* [WHAT YOU WILL DO]
Output only the lines below that start at the line containing "Rega Planar 6 Turntable - Image 3" and end at the line containing "De buitenkant van", with both ends kept.

----

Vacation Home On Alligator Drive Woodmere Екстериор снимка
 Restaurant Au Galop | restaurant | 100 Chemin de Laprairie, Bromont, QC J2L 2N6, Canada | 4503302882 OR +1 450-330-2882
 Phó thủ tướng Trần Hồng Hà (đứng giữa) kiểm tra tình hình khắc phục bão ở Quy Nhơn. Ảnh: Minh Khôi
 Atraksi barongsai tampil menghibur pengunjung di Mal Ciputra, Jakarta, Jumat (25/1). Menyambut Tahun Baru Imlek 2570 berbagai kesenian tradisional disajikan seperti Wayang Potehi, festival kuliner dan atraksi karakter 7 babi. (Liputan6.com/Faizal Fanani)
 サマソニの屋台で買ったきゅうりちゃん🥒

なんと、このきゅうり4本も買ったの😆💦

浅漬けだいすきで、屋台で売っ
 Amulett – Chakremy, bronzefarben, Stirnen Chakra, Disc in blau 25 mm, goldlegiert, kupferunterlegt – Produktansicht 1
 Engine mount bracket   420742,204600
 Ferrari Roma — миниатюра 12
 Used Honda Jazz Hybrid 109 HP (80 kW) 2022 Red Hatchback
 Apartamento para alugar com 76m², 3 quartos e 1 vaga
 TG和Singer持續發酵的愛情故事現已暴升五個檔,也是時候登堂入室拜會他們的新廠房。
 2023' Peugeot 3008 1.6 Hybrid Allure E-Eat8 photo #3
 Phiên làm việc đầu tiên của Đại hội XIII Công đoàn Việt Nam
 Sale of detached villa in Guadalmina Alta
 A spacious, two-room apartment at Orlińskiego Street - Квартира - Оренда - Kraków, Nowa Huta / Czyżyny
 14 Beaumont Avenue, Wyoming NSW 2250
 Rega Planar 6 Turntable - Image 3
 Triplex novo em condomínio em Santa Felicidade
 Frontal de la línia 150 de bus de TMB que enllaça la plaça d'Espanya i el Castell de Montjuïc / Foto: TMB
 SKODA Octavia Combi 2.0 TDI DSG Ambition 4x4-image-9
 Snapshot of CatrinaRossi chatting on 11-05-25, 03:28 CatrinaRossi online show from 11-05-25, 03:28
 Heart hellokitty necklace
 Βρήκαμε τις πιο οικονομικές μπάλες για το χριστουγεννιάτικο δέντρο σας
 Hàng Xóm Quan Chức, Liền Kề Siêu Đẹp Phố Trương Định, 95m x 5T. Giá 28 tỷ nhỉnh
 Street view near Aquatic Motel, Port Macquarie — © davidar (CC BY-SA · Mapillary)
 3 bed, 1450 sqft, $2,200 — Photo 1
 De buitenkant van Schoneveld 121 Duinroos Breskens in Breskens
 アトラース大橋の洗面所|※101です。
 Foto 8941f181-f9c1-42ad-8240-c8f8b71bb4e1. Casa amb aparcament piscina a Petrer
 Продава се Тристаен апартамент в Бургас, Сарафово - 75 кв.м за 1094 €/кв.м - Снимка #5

----

* [RESULT OF THIS EXERCISE]
 Rega Planar 6 Turntable - Image 3
 Triplex novo em condomínio em Santa Felicidade
 Frontal de la línia 150 de bus de TMB que enllaça la plaça d'Espanya i el Castell de Montjuïc / Foto: TMB
 SKODA Octavia Combi 2.0 TDI DSG Ambition 4x4-image-9
 Snapshot of CatrinaRossi chatting on 11-05-25, 03:28 CatrinaRossi online show from 11-05-25, 03:28
 Heart hellokitty necklace
 Βρήκαμε τις πιο οικονομικές μπάλες για το χριστουγεννιάτικο δέντρο σας
 Hàng Xóm Quan Chức, Liền Kề Siêu Đẹp Phố Trương Định, 95m x 5T. Giá 28 tỷ nhỉnh
 Street view near Aquatic Motel, Port Macquarie — © davidar (CC BY-SA · Mapillary)
 3 bed, 1450 sqft, $2,200 — Photo 1
 De buitenkant van Schoneveld 121 Duinroos Breskens in Breskens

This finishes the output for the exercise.